The Logging Pipeline (ELK/EFK)
Logs must be shipped off the server immediately. They are ephemeral on the node but permanent in the archive.
App
(STDOUT)
→
(STDOUT)
Collector
(Fluentd/Filebeat)
→
(Fluentd/Filebeat)
Buffer
(Kafka/Redis)
→
(Kafka/Redis)
Indexer
(Elasticsearch)
→
(Elasticsearch)
UI
(Kibana)
(Kibana)
*The "Buffer" layer is optional but recommended for high-volume systems to handle backpressure.

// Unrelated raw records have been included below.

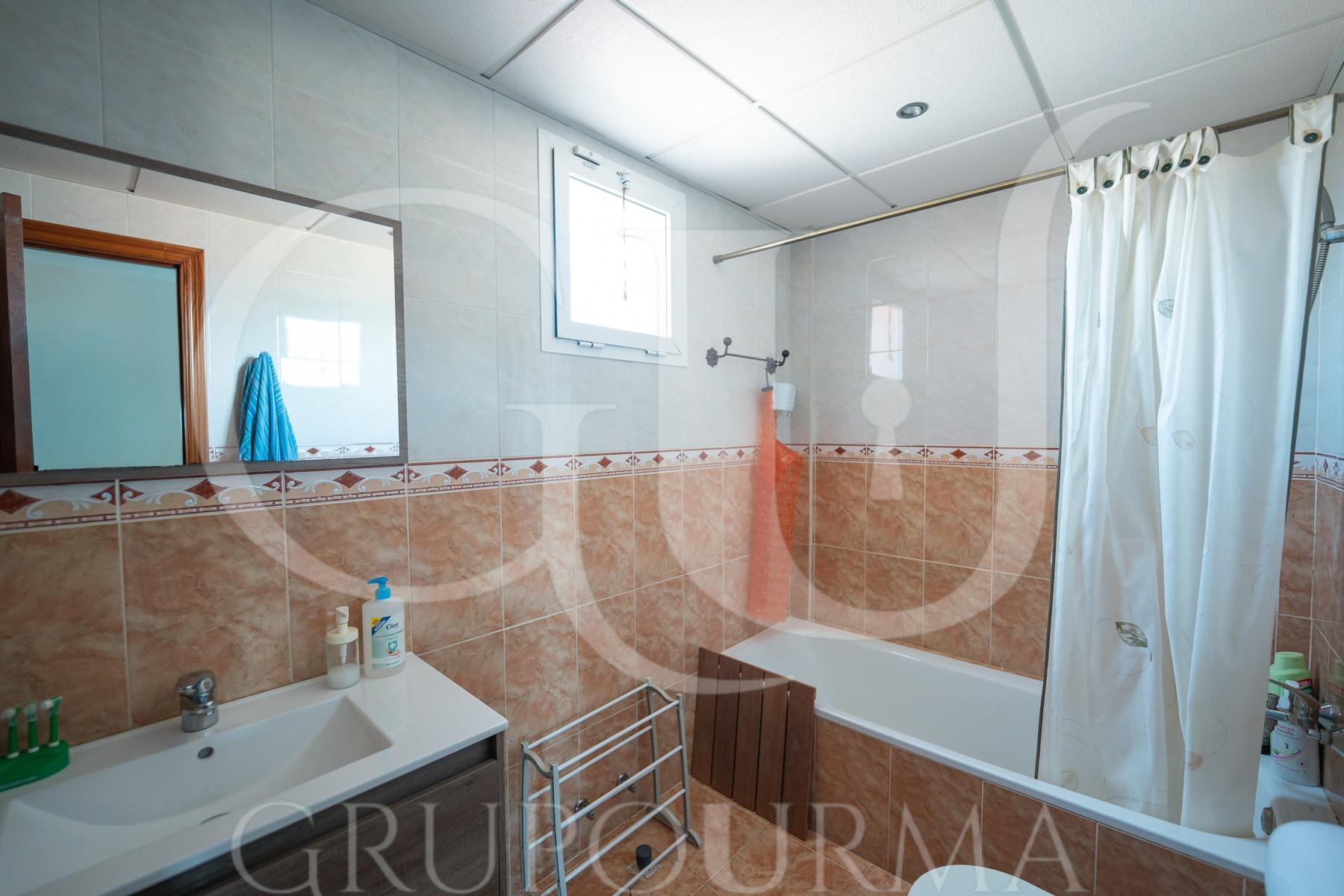 ¡¡ESTUPENDO CHALET PAREADO EN ESPARTINAS!!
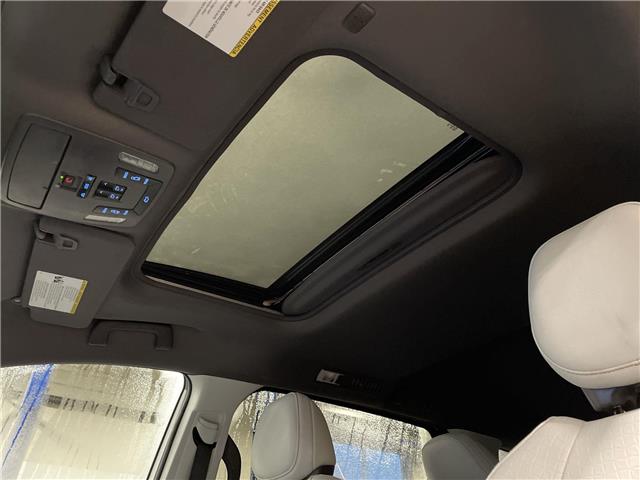 2024 Toyota Sienna XSE 7-Passenger (Stk: 12107940A) in Concord - Image 24 of 43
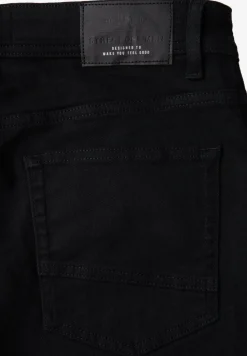Jeans à la coupe régulière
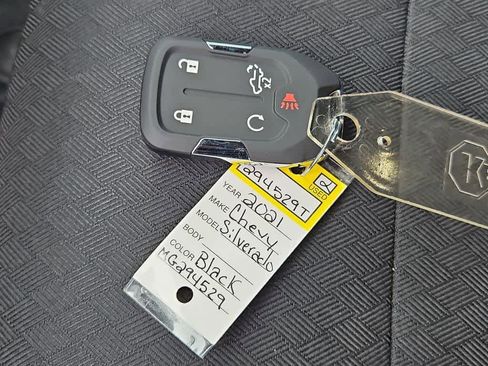 Used 2021 Chevrolet Silverado 1500 LT w/ Texas Edition Plus image 35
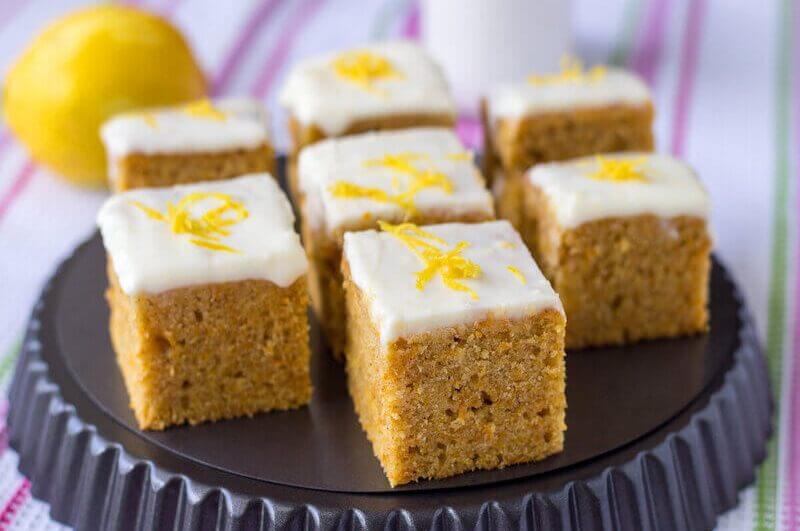 Bolo de cenoura com cobertura de cream cheese em cima de uma forma preta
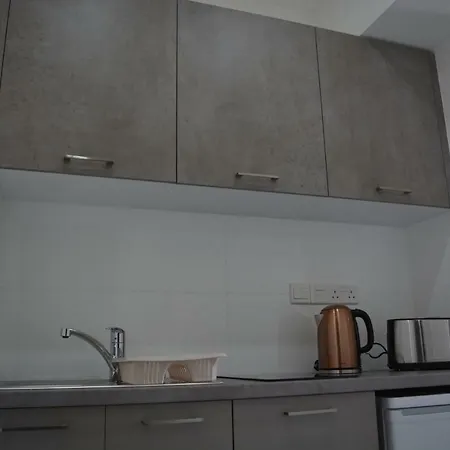 P.l Hermes & Apartamento *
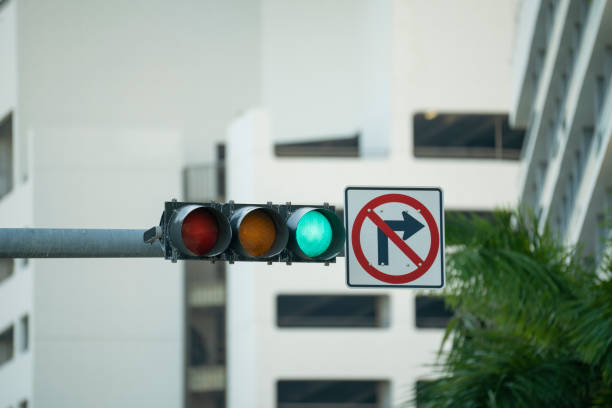 traffic lights for traffic regulation high above street in miami, florida - city of center control police mobility - fotografias e filmes do acervo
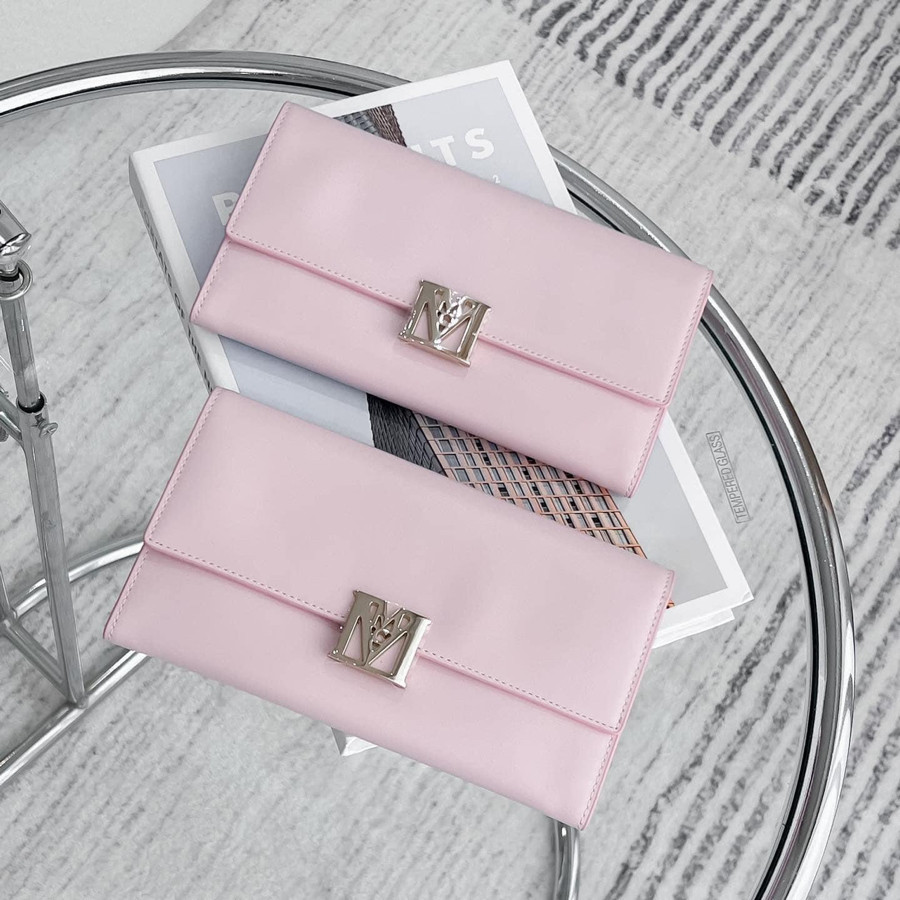 Túi MCM crossbody màu hồng cực tiểu thư tặng kèm thêm 1 card holder 😍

Start with Structured Logging
Do NOT log plain text strings. Log **JSON**. Machines cannot parse "Error: User 123 failed". They can parse `{"level":"error", "user_id":123}`.
❌ Bad (Unstructured)
[2023-10-05 10:00:01] ERROR Payment failed for user 555. Reason: Timeout.
✅ Good (JSON/Structured)
{
"timestamp": "2023-10-05T10:00:01Z",
"level": "ERROR",
"event": "payment_failed",
"user_id": 555,
"reason": "timeout",
"service": "billing-service"
}
# Python Implementation (Structlog)
import structlog
log = structlog.get_logger()
# This produces JSON automatically
log.error("payment_failed",
user_id=555,
reason="timeout",
amount=99.00)
Collection Patterns: DaemonSet vs Sidecar
| Pattern | Description | Pros | Cons |
|---|---|---|---|
| DaemonSet (Node Agent) | One collector (e.g., Fluent Bit) per Node. Reads all container logs from `/var/log`. | Resource efficient (1 agent per node). | Hard to customize parsing per app. |
| Sidecar | Dedicated collector container inside each Pod. | Full isolation. Custom parsing logic per app. | High resource usage (N agents). |
The 3 Long Pillars of Observability
📜 Logs
Discrete events. "What happened?"
(e.g., Error stacktrace)
📈 Metrics
Aggregatable numbers. "Is it healthy?"
(e.g., CPU, Req/sec)
🧭 Traces
Request journey. "Where is the latency?"
(e.g., Span across
microservices)
Summary
- ELK Stack: Elastic (Store), Logstash (Process), Kibana (View). The industry standard.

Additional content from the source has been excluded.